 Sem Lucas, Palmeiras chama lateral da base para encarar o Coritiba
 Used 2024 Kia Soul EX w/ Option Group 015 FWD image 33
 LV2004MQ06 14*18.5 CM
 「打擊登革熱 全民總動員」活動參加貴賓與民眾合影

++++

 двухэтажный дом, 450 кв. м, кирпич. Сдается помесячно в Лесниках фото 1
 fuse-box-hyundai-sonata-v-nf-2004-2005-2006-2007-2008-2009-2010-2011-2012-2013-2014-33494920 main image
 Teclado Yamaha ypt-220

++++

Work request –
Please copy every line of the data that carries the string "image".

Result below –
 Used 2024 Kia Soul EX w/ Option Group 015 FWD image 33
 fuse-box-hyundai-sonata-v-nf-2004-2005-2006-2007-2008-2009-2010-2011-2012-2013-2014-33494920 main image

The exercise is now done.